An ambush was carried out against the police of the Republic of Macedonia near the predominantly Albanian-inhabited village of Aračinovo, located just outside of the capital Skopje, on 11 January 2000. The drive-by style attack occurred during the heightened tensions following the Kosovo War and is considered the first major event leading up to the beginning of the insurgency in Macedonia in 2001. The Albanian National Army claimed responsibility for the attack.

== Attack ==
On the night of 11 January 2000, three police officers Erol Gotak, Kiril Petruševski and Aco Angelovski were killed at a checkpoint near the village of Aračinovo, located near Skopje, Macedonia. The assailants emerged from vehicles waiting at the checkpoint and opened fire with automatic weapons before fleeing the scene. Aračinovo, a village with a predominantly ethnic Albanian population, became the focus of the subsequent police investigation. All individuals searched or detained in connection with the attack were ethnic Albanians. The victims, however, were non-Albanians; two of the slain officers were ethnic Macedonians, while the third was an ethnic Turk.
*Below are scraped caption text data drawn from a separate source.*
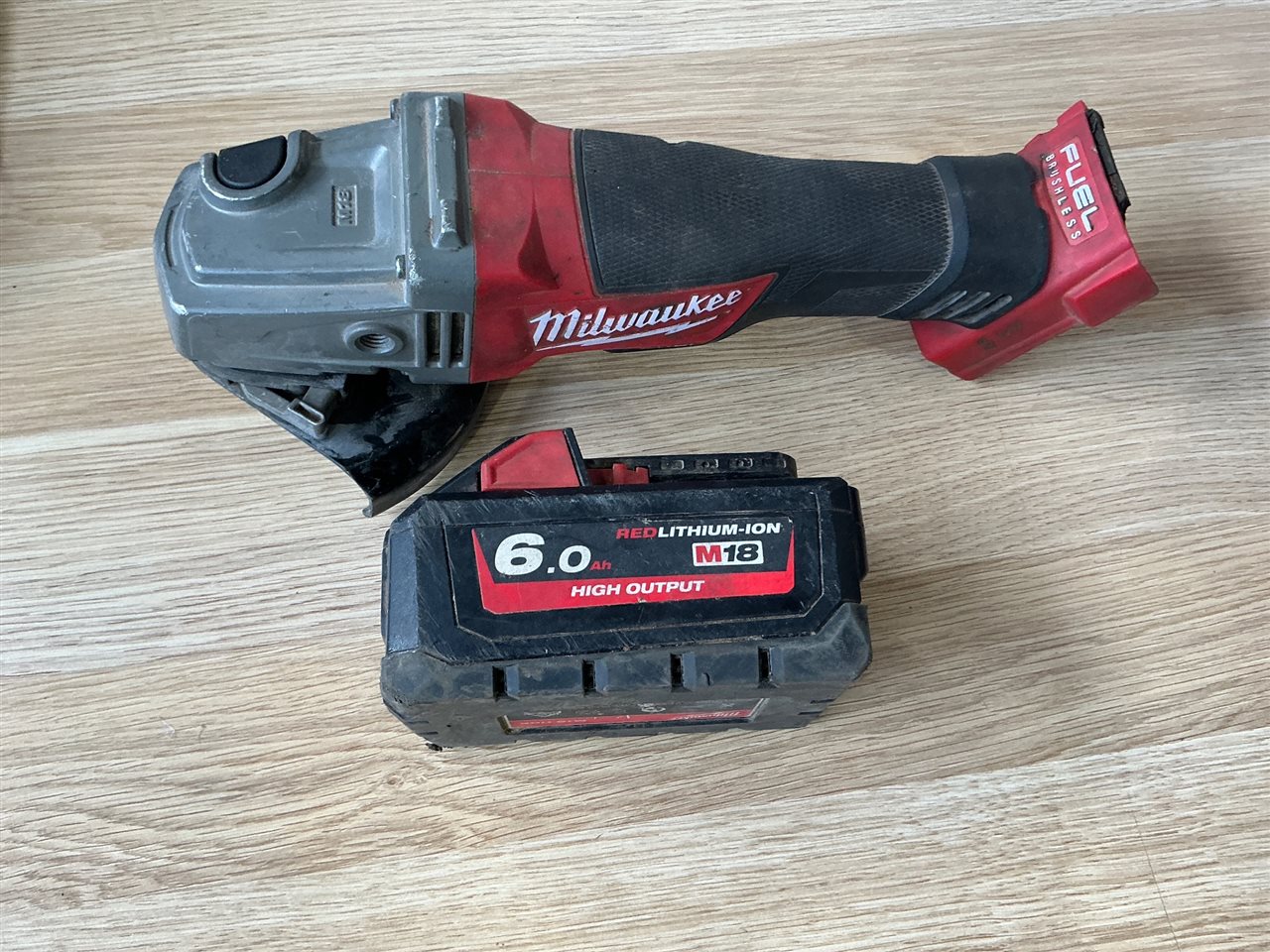 Milwaukee 18 V Cordless 125 mm M18CAG125XPD Grinder with 6.0 Ah Battery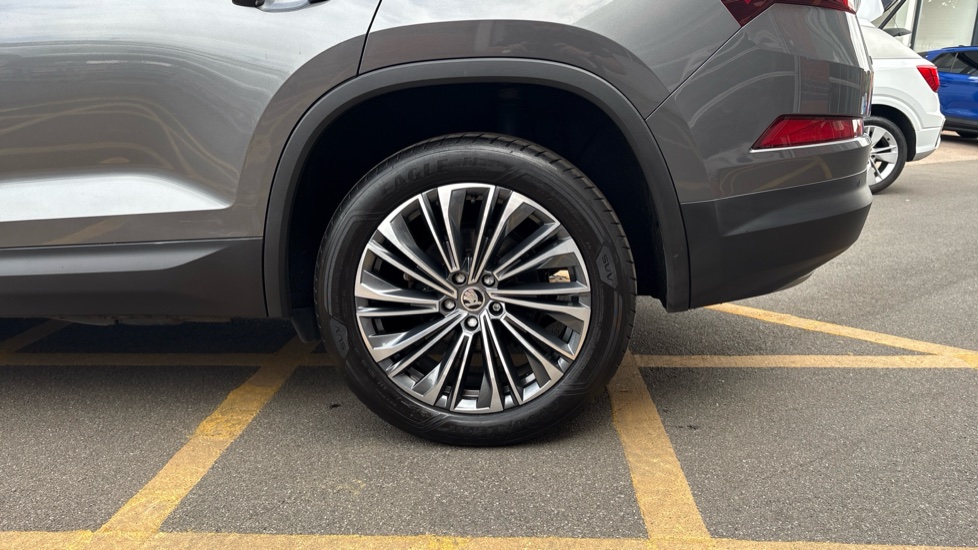 Skoda Kodiaq 1.5 TSI SE L Executive 5dr DSG [7 Seat] Petrol Estate - Image 45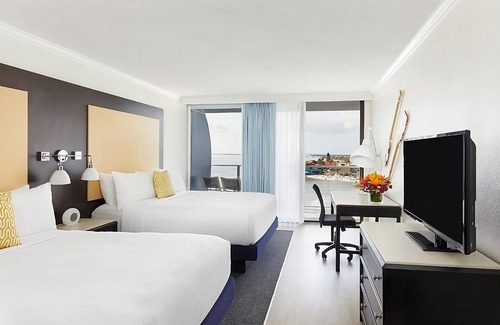 Rocky Point House | 3 Classy Units! Outdoor Pool, Parking, Pets Allowed Near The Florida Aquarium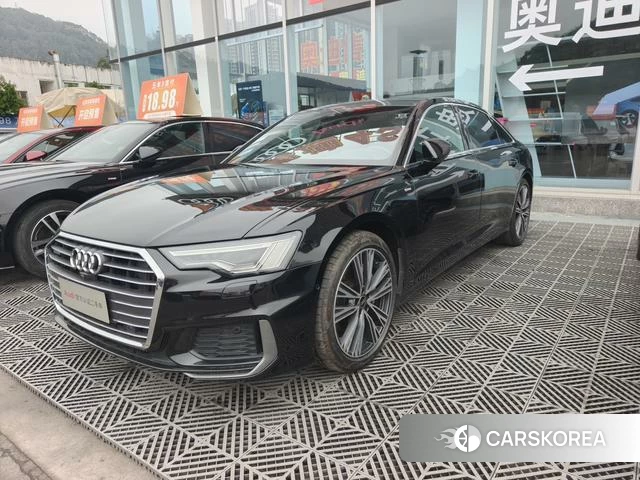 Audi A6L 2022 Черный из Китая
The bodies of the dead policemen were also reported to have been mutilated, according to the Macedonian witness who first discovered them.

== Aftermath ==
The ANA released a communiqué in February 2000, claiming responsibility for the attack. The killing of three police officers near the Albanian village of Aračinovo led to some of the worst police abuses in Macedonia since the 1997 riots and crackdown in Gostivar and Tetovo. After the attack, Macedonian police assaulted numerous ethnic Albanian residents and vandalized property in Aračinovo. One of the three suspects arrested in connection with the murders died in police custody. Human Rights Watch reported that nine other suspects were also arrested, beaten while in custody, and some were coerced into signing confessions. An investigation by the Office of the Ombudsman that year concluded that the police had used excessive force in Aračinovo and recommended an internal inquiry. Another suspect who got released was killed in 2009. While some families received compensation for property damage, the government has not held the responsible officers accountable for the abuse. In the following months, three Macedonian police stations in ethnic Albanian areas were attacked, though any connection to the incident remained unclear. The key witness in the trial of the Albanian suspects, surviving Macedonian police officer Goran Novkovski, stated that the police had been informed they were participating in a special operation to locate stolen luxury vehicles. During the operation, they were sent without body armor, gas masks, or automatic rifles, and they also lacked a flashlight, forcing them to inspect vehicles using a lighter. According to his testimony, the assailants responsible for the police killings were in an Opel Kadett. All the suspects have been released due to lack of evidence.